%matplotlib inline
Implementation of Principal Component Analysis for dimensionality reduction
from mlxtend.feature_extraction import PrincipalComponentAnalysis
The sheer size of data in the modern age is not only a challenge for computer hardware but also a main bottleneck for the performance of many machine learning algorithms. The main goal of a PCA analysis is to identify patterns in data; PCA aims to detect the correlation between variables. If a strong correlation between variables exists, the attempt to reduce the dimensionality only makes sense. In a nutshell, this is what PCA is all about: Finding the directions of maximum variance in high-dimensional data and project it onto a smaller dimensional subspace while retaining most of the information.
Often, the desired goal is to reduce the dimensions of a $d$-dimensional dataset by projecting it onto a $(k)$-dimensional subspace (where $k\;<\;d$) in order to increase the computational efficiency while retaining most of the information. An important question is "what is the size of $k$ that represents the data 'well'?"
Later, we will compute eigenvectors (the principal components) of a dataset and collect them in a projection matrix. Each of those eigenvectors is associated with an eigenvalue which can be interpreted as the "length" or "magnitude" of the corresponding eigenvector. If some eigenvalues have a significantly larger magnitude than others that the reduction of the dataset via PCA onto a smaller dimensional subspace by dropping the "less informative" eigenpairs is reasonable.

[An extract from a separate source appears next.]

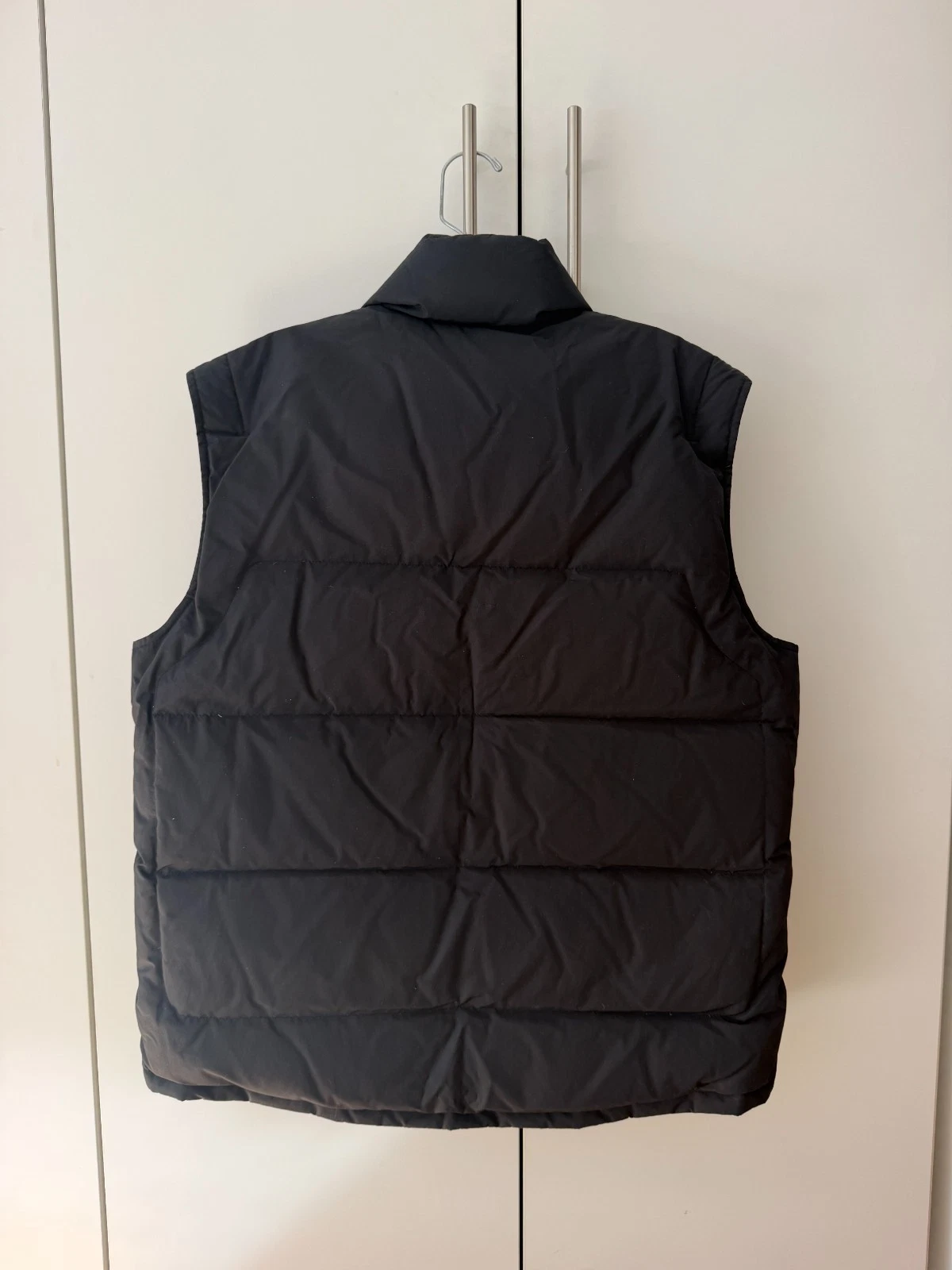 Burberry London Men's Goose Down Puffer Vest Black Nova Check Lined Size 52 L - product detail image 2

from mlxtend.data import iris_data
from mlxtend.preprocessing import standardize
from mlxtend.feature_extraction import PrincipalComponentAnalysis
X, y = iris_data()
X = standardize(X)
pca = PrincipalComponentAnalysis(n_components=2)
pca.fit(X)
X_pca = pca.transform(X)
import matplotlib.pyplot as plt
with plt.style.context('seaborn-whitegrid'):
plt.figure(figsize=(6, 4))
for lab, col in zip((0, 1, 2),
('blue', 'red', 'green')):
plt.scatter(X_pca[y==lab, 0],
X_pca[y==lab, 1],
label=lab,
c=col)
plt.xlabel('Principal Component 1')
plt.ylabel('Principal Component 2')
plt.legend(loc='lower center')
plt.tight_layout()
plt.show()
from mlxtend.data import iris_data
from mlxtend.preprocessing import standardize
X, y = iris_data()
X = standardize(X)
pca = PrincipalComponentAnalysis(n_components=None)
pca.fit(X)
X_pca = pca.transform(X)
pca.e_vals_
array([2.91081808, 0.92122093, 0.14735328, 0.02060771])
pca.e_vals_normalized_
array([0.72770452, 0.23030523, 0.03683832, 0.00515193])
import numpy as np
tot = sum(pca.e_vals_)
var_exp = [(i / tot)*100 for i in sorted(pca.e_vals_, reverse=True)]
cum_var_exp = np.cumsum(pca.e_vals_normalized_*100)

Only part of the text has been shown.